Kabareskrim Sebut Perlu Waktu untuk Ungkap Kasus Penembakan Laskar FPI – Badan Reserse Kriminal Polri Polri, Komjen Agus Andrianto mengatakan, pihaknya masih memperlukan waktu untuk menyelesaikan penembakan enam anggota Front Pembela Islam (FPI) di ruas tol Jakarta-Chicampek.

Kabareskrim Sebut Perlu Waktu untuk Ungkap Kasus Penembakan Laskar FPI

Sumber : tribunnews.com

backpagelowell – Usai menjadi Kabareskrim, dia berjanji menyelesaikan penembakan enam pasukan FPI di KM 50 tol Jakarta-Cikampek di Karawang, Jawa Barat. Saat pelantikan Kabareskrim di Mabes Polri, Agus mengatakan: “Perlu waktu. Perlu waktu untuk menangani kasus ini.

Perlu waktu untuk mendapatkan bukti dari beberapa Komnas HAM. Lebih cepat lebih baik.” (Rabu, 24 / 2/2021). Argus mengatakan selama ini Bareskrim Polri memiliki bukti dan rekomendasi dari Komnas HAM. Ia juga tak menampik jika polisi menemui banyak kendala dalam menangani kasus tersebut.

Namun, dia membenarkan masalah tersebut sudah teratasi sehingga prosedur hukum untuk kasus tersebut bisa cepat diselesaikan. menurut dia : “Namun harusnya ada kendala dalam proses penyidikan. Saya berharap tujuan ini dapat tercapai dan diharapkan dapat memberikan kepastian hukum kepada pelaku kejahatan.”

Berdasarkan laporan kompas.com, Komnas HAM akan banyak menjalin kerja sama dengan FPI laskar Barang bukti terkait penembakan enam anggota di KM 50 tol Jakarta-Cikampek itu dilimpahkan ke Bareskrim Polri. Komisioner Komnas HAM dan Ketua Tim Pemeriksa dan Pengawasan Perkara Choirul Anam mengatakan, ada 16 barang bukti yang diberikan kepada polisi.

Direktur Tindak Pidana Umum Bareskrim Polri Brigjen (Pol) Andi Rian Djajadi mendapat bukti dan nasehat. Dalam jumpa pers yang digelar di kantor Komnas HAM Jakarta Pusat, Anam mengatakan: “Nanti kita buka satu paket. Peluru, proyektil, pecahan mobil sudah diujicobakan di laboratorium polisi, dan ada hasilnya.” (16 / 2/2021) ).
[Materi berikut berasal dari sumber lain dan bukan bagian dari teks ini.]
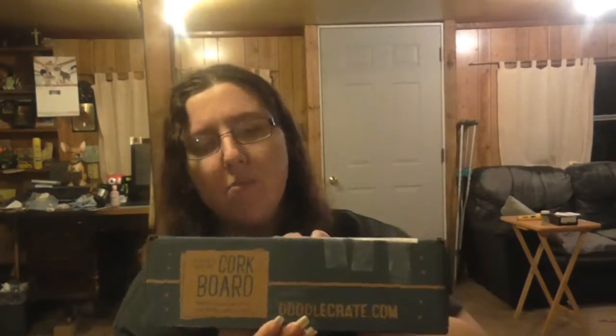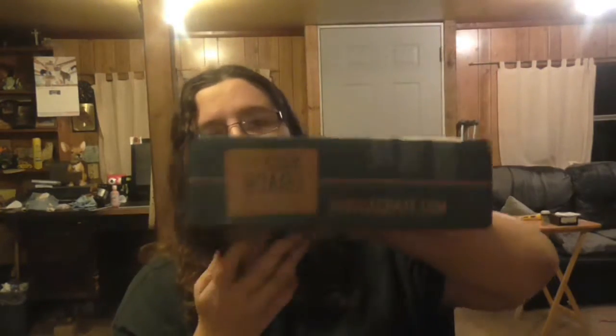Hi everybody, this is my second video I'm filming tonight, so that's why I'm wearing the same clothes. I just got done filming the August unboxing for the Doodle Crate. Now this is the September box — I know it's late, but I explain why in the August unboxing. Here's what the box looks like, same as before, and it has on the side what it is. It's kind of a bummer because I like to be surprised, so if anybody from Doodle Crate is watching this, consider not putting it on the box.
Kemudian laporan resmi dari Puslabfor diserahkan ke pihak kepolisian.Selain itu, Anam juga mengatakan ada beberapa rekaman, speed camera, dan video PT Jasa Marga. Dia bilang: “Kami pakai beberapa, lalu kami pakai beberapa karena sangat besar, dengan 9.942 video dan 130.000 gambar yang tertangkap kamera.” Lalu, lanjut Anam, menerima satu dari FPI. Foto mobil anggota laskar Sentul FPI . “Kami juga sediakan beberapa rekaman suara dari FPI. Kami terus memberikan jadwal kejadian.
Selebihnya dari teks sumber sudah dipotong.